▶ WORK REQUIRED: Reproduce the entries shown below only from the line with "Baby Twin Double" down to the line with "vidaXL Kids Bed", keeping both end lines and copying each one exactly.

....

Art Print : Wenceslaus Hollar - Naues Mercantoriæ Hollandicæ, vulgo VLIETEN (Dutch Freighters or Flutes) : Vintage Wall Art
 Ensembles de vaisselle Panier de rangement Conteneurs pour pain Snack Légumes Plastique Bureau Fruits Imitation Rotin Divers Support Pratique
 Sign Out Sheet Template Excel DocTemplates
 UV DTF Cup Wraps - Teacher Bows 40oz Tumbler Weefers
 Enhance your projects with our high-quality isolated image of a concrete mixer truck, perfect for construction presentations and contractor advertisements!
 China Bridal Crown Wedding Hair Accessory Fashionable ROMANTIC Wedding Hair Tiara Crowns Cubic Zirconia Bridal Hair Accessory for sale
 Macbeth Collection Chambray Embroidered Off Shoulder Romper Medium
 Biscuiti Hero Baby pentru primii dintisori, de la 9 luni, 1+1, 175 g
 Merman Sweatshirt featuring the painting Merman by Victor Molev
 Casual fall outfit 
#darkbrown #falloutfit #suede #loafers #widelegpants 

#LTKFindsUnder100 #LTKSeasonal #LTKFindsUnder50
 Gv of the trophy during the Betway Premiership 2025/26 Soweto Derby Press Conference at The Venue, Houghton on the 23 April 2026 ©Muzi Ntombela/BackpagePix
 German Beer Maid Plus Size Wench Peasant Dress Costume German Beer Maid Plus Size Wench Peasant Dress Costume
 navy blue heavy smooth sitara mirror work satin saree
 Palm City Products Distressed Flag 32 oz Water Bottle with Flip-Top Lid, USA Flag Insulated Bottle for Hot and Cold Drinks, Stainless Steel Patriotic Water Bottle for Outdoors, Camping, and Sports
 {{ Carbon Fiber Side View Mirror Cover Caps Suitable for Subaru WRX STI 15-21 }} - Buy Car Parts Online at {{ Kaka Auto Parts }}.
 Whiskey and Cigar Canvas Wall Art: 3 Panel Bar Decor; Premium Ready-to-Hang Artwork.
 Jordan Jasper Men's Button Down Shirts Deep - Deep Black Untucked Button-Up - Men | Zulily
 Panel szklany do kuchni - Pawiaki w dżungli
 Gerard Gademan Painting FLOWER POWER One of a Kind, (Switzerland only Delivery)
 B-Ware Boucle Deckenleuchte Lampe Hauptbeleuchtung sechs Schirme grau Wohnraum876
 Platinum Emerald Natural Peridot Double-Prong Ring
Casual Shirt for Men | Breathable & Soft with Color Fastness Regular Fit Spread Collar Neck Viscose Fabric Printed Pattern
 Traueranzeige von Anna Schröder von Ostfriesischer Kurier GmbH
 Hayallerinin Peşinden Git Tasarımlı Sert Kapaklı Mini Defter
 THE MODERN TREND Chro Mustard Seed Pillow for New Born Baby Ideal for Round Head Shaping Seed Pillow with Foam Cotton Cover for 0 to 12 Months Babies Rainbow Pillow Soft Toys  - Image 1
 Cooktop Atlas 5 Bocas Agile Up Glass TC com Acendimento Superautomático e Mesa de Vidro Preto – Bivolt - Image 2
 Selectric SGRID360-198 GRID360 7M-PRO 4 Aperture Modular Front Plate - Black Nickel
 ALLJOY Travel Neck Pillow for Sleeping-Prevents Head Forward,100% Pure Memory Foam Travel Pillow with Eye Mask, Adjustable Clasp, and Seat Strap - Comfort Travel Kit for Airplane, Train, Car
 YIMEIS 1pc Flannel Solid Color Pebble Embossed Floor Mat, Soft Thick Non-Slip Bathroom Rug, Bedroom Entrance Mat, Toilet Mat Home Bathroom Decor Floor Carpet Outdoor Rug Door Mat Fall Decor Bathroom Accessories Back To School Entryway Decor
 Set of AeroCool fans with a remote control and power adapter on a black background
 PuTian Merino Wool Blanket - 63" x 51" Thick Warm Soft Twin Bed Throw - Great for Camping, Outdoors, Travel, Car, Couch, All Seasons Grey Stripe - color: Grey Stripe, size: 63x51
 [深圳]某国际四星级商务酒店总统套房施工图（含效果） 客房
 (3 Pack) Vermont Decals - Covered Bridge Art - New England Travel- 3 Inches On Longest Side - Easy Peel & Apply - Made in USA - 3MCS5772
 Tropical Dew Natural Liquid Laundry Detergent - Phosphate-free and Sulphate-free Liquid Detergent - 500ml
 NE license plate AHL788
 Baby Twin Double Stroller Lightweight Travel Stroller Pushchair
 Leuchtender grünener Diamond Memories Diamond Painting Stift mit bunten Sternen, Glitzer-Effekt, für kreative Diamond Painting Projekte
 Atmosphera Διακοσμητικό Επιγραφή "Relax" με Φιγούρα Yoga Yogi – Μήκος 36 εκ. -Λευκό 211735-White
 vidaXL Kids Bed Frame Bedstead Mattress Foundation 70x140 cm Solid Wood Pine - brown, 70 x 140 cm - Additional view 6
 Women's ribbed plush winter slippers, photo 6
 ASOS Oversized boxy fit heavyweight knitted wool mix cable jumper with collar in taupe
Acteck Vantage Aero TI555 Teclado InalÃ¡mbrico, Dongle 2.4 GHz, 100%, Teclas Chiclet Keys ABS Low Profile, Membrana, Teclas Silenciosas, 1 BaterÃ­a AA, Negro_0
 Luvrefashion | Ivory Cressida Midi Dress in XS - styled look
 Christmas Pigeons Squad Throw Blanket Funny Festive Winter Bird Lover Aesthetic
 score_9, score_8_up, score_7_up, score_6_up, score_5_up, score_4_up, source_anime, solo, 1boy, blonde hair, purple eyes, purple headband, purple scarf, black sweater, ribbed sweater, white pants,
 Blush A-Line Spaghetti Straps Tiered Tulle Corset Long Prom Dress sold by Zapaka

....

▶ ANSWER SPACE:
 Baby Twin Double Stroller Lightweight Travel Stroller Pushchair
 Leuchtender grünener Diamond Memories Diamond Painting Stift mit bunten Sternen, Glitzer-Effekt, für kreative Diamond Painting Projekte
 Atmosphera Διακοσμητικό Επιγραφή "Relax" με Φιγούρα Yoga Yogi – Μήκος 36 εκ. -Λευκό 211735-White
 vidaXL Kids Bed Frame Bedstead Mattress Foundation 70x140 cm Solid Wood Pine - brown, 70 x 140 cm - Additional view 6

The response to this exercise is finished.